→ Data under study:
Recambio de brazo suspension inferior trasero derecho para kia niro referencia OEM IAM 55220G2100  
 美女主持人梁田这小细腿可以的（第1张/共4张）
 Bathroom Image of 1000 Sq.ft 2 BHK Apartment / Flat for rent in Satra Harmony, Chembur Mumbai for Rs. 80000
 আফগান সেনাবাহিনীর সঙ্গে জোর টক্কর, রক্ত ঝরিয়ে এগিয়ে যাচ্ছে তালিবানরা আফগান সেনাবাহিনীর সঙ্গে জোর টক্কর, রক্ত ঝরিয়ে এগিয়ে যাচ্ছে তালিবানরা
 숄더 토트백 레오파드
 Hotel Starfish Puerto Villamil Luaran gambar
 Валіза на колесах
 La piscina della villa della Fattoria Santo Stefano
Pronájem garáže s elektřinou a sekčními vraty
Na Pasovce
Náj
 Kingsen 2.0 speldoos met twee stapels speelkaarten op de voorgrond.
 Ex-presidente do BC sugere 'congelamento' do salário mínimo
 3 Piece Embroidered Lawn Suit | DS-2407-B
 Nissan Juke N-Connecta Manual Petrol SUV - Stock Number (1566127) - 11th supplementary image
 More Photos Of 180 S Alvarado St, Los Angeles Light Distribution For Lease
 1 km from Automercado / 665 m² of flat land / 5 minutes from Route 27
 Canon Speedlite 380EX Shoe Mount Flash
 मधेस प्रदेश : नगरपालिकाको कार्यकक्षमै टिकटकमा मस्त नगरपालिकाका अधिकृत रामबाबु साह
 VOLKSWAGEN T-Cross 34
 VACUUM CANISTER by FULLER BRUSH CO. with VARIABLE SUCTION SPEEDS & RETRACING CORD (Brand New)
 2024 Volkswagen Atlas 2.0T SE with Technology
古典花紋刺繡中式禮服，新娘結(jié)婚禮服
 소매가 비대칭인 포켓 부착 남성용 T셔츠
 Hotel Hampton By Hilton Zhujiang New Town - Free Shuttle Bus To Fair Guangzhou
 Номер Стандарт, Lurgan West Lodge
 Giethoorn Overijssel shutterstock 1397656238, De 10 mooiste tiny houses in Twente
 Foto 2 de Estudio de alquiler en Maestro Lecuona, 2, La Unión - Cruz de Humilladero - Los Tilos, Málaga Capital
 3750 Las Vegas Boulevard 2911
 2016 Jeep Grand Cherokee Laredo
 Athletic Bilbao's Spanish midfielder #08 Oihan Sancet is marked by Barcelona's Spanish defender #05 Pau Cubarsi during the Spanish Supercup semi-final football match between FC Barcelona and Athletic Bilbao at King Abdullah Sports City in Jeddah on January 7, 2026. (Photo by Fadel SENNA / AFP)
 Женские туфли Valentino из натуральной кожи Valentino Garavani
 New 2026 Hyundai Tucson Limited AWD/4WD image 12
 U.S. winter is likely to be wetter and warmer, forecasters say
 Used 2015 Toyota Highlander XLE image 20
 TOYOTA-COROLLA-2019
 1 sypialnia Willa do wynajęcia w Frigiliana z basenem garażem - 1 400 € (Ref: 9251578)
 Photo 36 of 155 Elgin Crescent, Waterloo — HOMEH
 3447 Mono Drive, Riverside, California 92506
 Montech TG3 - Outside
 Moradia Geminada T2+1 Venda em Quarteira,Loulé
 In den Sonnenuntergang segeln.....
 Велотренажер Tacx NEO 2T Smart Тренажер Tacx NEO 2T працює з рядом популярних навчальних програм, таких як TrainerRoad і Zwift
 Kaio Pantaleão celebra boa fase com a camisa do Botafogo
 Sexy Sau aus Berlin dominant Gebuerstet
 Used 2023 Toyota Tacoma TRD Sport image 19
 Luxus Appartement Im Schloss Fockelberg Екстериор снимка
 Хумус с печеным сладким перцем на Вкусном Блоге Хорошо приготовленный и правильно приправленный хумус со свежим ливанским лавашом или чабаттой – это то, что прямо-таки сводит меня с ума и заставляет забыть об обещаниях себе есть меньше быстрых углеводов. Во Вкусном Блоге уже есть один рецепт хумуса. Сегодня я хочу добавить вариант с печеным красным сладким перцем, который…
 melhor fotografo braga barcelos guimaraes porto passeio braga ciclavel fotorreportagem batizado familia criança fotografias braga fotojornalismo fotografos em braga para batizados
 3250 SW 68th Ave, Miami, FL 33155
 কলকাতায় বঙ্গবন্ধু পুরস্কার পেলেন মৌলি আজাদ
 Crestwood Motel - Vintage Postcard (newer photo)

→ Work required: Find where the line with "Hotel Hampton By" sits in the material above, then copy exactly from it through the line with "Luxus Appartement Im". Add no other line.

→ Solution for this problem:
 Hotel Hampton By Hilton Zhujiang New Town - Free Shuttle Bus To Fair Guangzhou
 Номер Стандарт, Lurgan West Lodge
 Giethoorn Overijssel shutterstock 1397656238, De 10 mooiste tiny houses in Twente
 Foto 2 de Estudio de alquiler en Maestro Lecuona, 2, La Unión - Cruz de Humilladero - Los Tilos, Málaga Capital
 3750 Las Vegas Boulevard 2911
 2016 Jeep Grand Cherokee Laredo
 Athletic Bilbao's Spanish midfielder #08 Oihan Sancet is marked by Barcelona's Spanish defender #05 Pau Cubarsi during the Spanish Supercup semi-final football match between FC Barcelona and Athletic Bilbao at King Abdullah Sports City in Jeddah on January 7, 2026. (Photo by Fadel SENNA / AFP)
 Женские туфли Valentino из натуральной кожи Valentino Garavani
 New 2026 Hyundai Tucson Limited AWD/4WD image 12
 U.S. winter is likely to be wetter and warmer, forecasters say
 Used 2015 Toyota Highlander XLE image 20
 TOYOTA-COROLLA-2019
 1 sypialnia Willa do wynajęcia w Frigiliana z basenem garażem - 1 400 € (Ref: 9251578)
 Photo 36 of 155 Elgin Crescent, Waterloo — HOMEH
 3447 Mono Drive, Riverside, California 92506
 Montech TG3 - Outside
 Moradia Geminada T2+1 Venda em Quarteira,Loulé
 In den Sonnenuntergang segeln.....
 Велотренажер Tacx NEO 2T Smart Тренажер Tacx NEO 2T працює з рядом популярних навчальних програм, таких як TrainerRoad і Zwift
 Kaio Pantaleão celebra boa fase com a camisa do Botafogo
 Sexy Sau aus Berlin dominant Gebuerstet
 Used 2023 Toyota Tacoma TRD Sport image 19
 Luxus Appartement Im Schloss Fockelberg Екстериор снимка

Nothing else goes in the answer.